No existe ningún argumento racional para recuperar el Impuesto de Patrimonio. No supone unos ingresos extra demasiado notables para las arcas del Estado: sólo 1.080 millones, un 0,1% del PIB. Por comparar, este Gobierno derrochó 50.000 millones en el primer Plan E. Es un tributo injusto, pues supone gravar un patrimonio conseguido a partir de unas rentas que ya pagaron impuestos en su día. Castiga el ahorro y premia al derrochador. Y no consigue su objetivo declarado de que los ricos pongan más de su parte; como el propio Gobierno reconoció cuando lo suprimió, los que de verdad tienen muchas propiedades pueden buscar una manera legal de eludirlo.
Los países europeos lo han ido erradicando y ninguno lo ha resucitado durante la presente crisis. Sólo Francia, que difícilmente puede considerarse un ejemplo a seguir en materia impositiva, lo conserva, aunque a unos tipos cinco veces inferiores a los españoles. Pero entonces, ¿por qué el Gobierno vuelve a imponerlo?
En los últimos años el Gobierno ha acumulado un déficit enorme que hay que pagar. Será necesario recaudar más impuestos de los ciudadanos y gastar menos en servicios públicos. Son los efectos de ese socialismo al que, como dijo Margaret Thatcher, siempre se le termina acabando el dinero de los demás. De modo que necesitan explotar los instintos más bajos de sus votantes para intentar aliviar el golpe que prevén que se acabarán dando en las próximas elecciones.

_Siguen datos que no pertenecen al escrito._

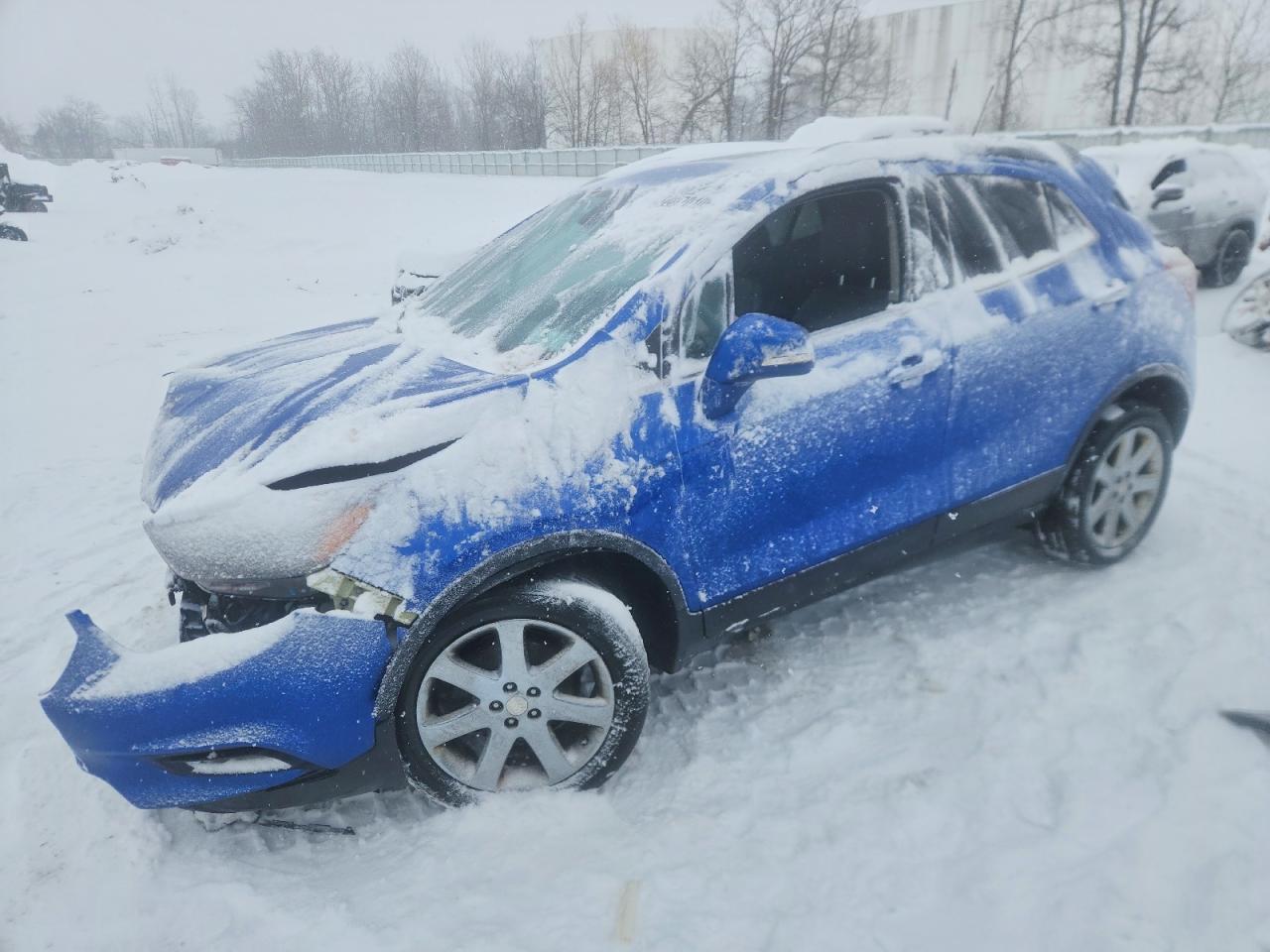 2017 BUICK ENCORE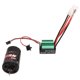 thumbnail image 1 of Motor Con Escobillas 550 ESC, Cepillo Resistente Al Agua 65a, Enchufe Tamiya Compatible en para Diferentes Modelo de Barcos y Coches, 1 of 7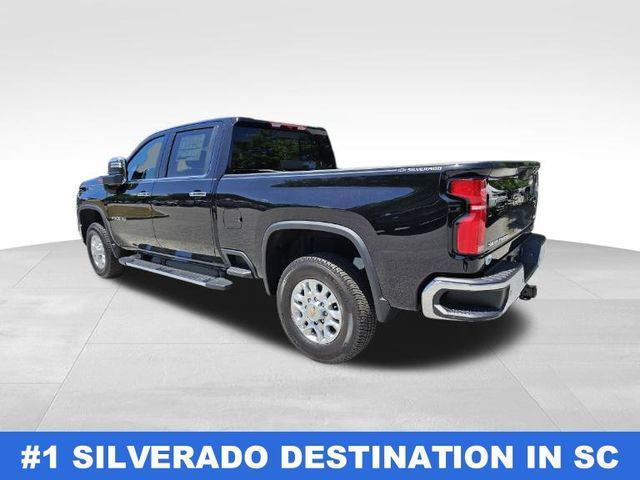 new 2024 Chevrolet Silverado 2500 car, priced at $66,522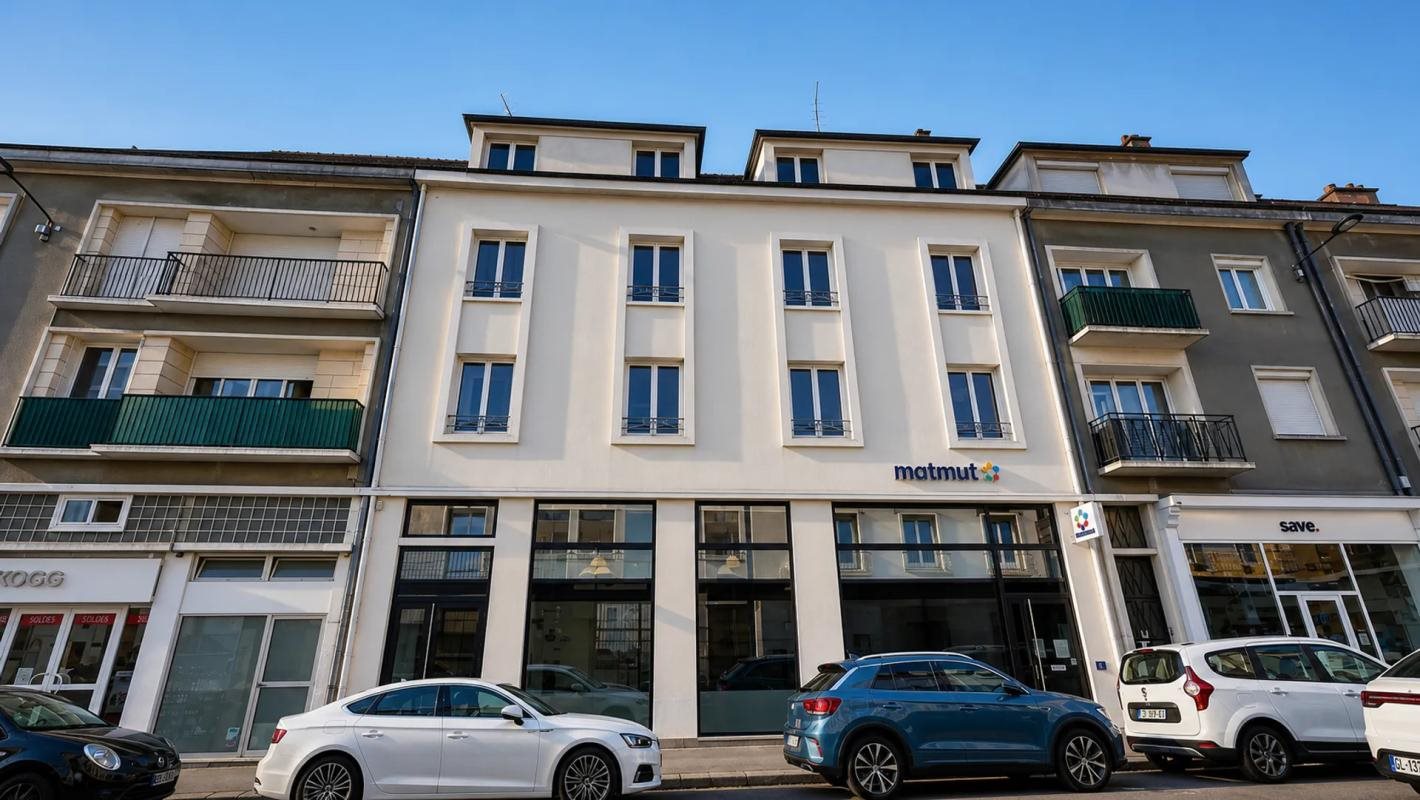 Appartement à vendre, 124m², Tours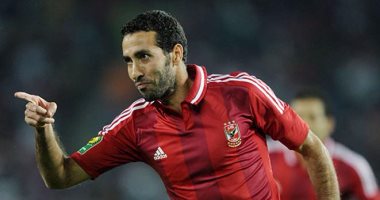 أبو تريكة: كل التوفيق لمتعب أيقونة هجوم الأهلى ومصر فى تجربته الجديدة
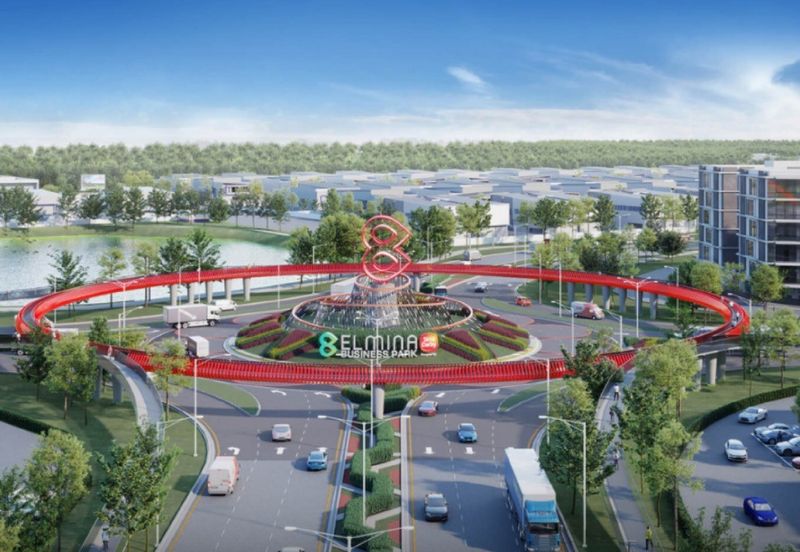 Elmina Business Park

De ahí que Blanco y Rubalcaba se liaran y dieran cada uno cifras diferentes sobre el número de víctimas que se verán obligadas a pagar y lo que se recaudaría. Ambos saben que eso es lo de menos. Lo importante es enviar un mensaje a sus huestes. Recortaremos gastos porque nos obligan, pero en el fondo seguimos siendo socialistas. Es decir, damos carnaza al deporte nacional de la envidia. Aunque, al final, los realmente ricos no paguen el Impuesto del Patrimonio, que no lo harán.